In a city like Muncie — or any city or town of reasonable size — fast foods and heavily processed foods are available in historically unprecedented amounts and at low prices. At the same time, we are bombarded not only with advertising for such foods but with contrary media messages encouraging us to eat healthfully and buy locally. In this setting, the act of cooking can become laden with emotional and ethical significance. More than simply a life-style choice, the decision to cook for oneself, and small daily choices about ingredients and methods, can become expressions of identity, ethical or political statements, markers of virtue and self-discipline. Everyday Life in Middletown informants express commitment to eating healthfully, pleasure in cooking balanced meals for themselves and their families, and — conversely — guilt over what they perceive as poor food choices.
Every eating custom, writes Luce Giard, “makes up a miniscule crossroads of histories.”  A complex of broad cultural and historical transformations undergirds the everyday cooking of contemporary Muncie residents. Late-twentieth century U.S. agricultural policy encouraged the overproduction of soy and corn, the invisible base ingredients of the salty snacks that line large shelves in every mini-mart. Activists in and around Muncie in recent years have addressed the ubiquity of processed foods — and the scarcity of fresh vegetables and fruits — as a social problem in so-called low-income “food deserts.” Nationally, well-known food writers such as Michael Pollan and Mark Bittman articulate an educated, middle-class pushback against mass food production and factory farming; they urge individuals to resist by buying locally and cooking at home using whole foods. This ethos, which posits American eating habits as a crisis, is pithily conveyed in the title of Bittman’s 2011 book, Cooking Solves Everything. On a skeptical note, sociologist Kate Soper suggests that the ethically-inflected cooking vogue uneasily mixes “consumerist and citizenly urges.” Meanwhile the diversifying and expanding media makes available vast amounts of food-driven information and entertainment, describing cooking methods, dishes, and ingredients Muncie residents two generations ago could scarcely have imagined. Globalization has brought ingredients from all corners of the earth to the local Marsh and Meijer and, dialectically, helped to fuel the anti-globalization, locavore ethic evoked by the Muncie Farmstand and The Barn Brasserie.

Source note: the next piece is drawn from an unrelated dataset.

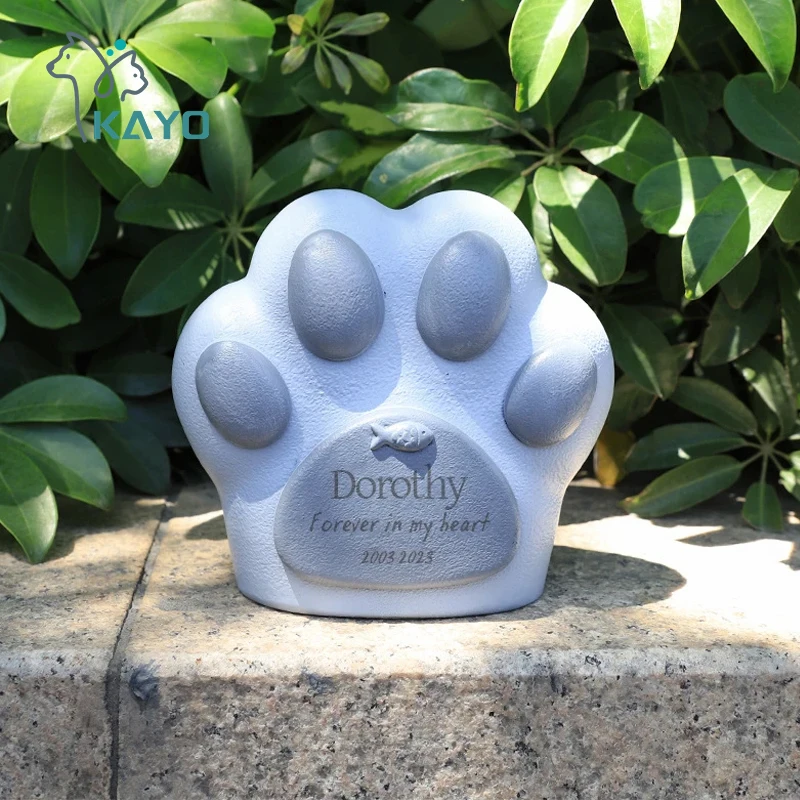 Creative Pet Resin Ash Box Dog Cat Memory Preserving Ash Box Animal Funeral Supplies Coffin Box Pet Supplies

Everyday Life in Middletown informants show a broad range of practices and attitudes around cooking. They range, on the one hand, from Informant 13, a bachelor and small business owner who rarely mentions cooking and does not seem to plan his eating more than a few hours in advance, to several informants whose diaries meticulously record their meals and their thoughts about healthy eating and the pleasures of food. Informant 2 relates his pride in eating healthfully in an entry that recounts making a pizza with fresh, low-fat ingredients for dinner. For him and for others, cooking activates an emotionally charged life narrative within the everyday: the act of cooking healthfully raises the memory of past health problems but also a self-affirming sense of the present and hope for the future.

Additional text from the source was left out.